PROBLEM DETAILS:
With the pictures set aside, write out all of the data exactly as it stands.
DATASET SECTION Block Start
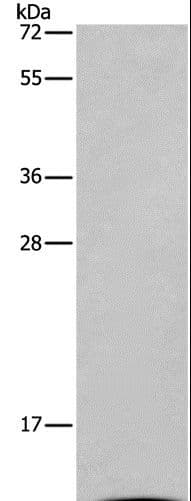Polyclonal Rabbit anti-Human I-BABP / FABP6 Antibody (IHC, WB)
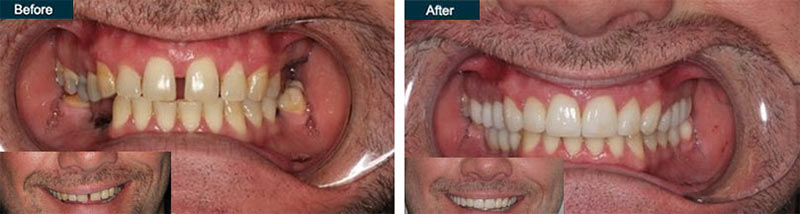 Full Mouth Dental Implants in Brooklyn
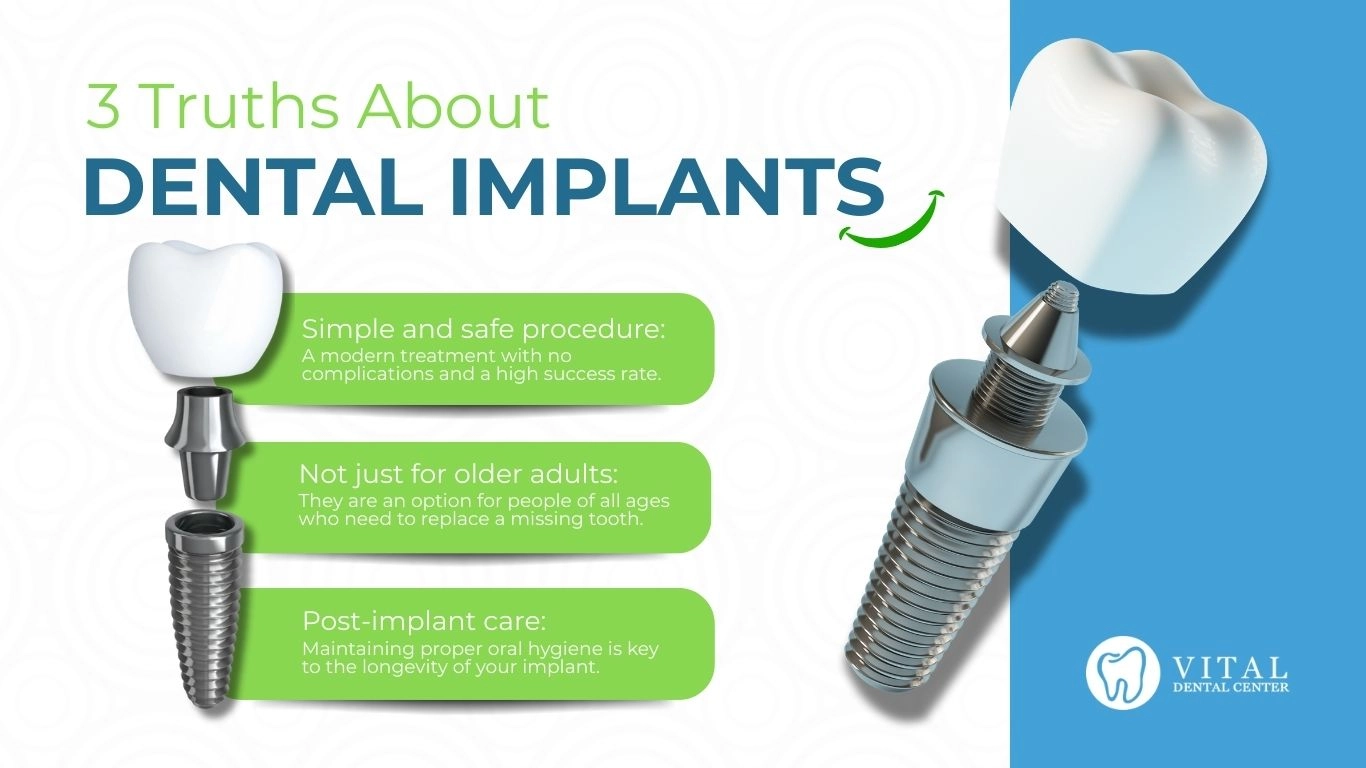 Dental Implants at Alfonso Dental | Restore Your Smile and Confidence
DATASET SECTION Block End
EXERCISE ANSWER:
Polyclonal Rabbit anti-Human I-BABP / FABP6 Antibody (IHC, WB)
 Full Mouth Dental Implants in Brooklyn
 Dental Implants at Alfonso Dental | Restore Your Smile and Confidence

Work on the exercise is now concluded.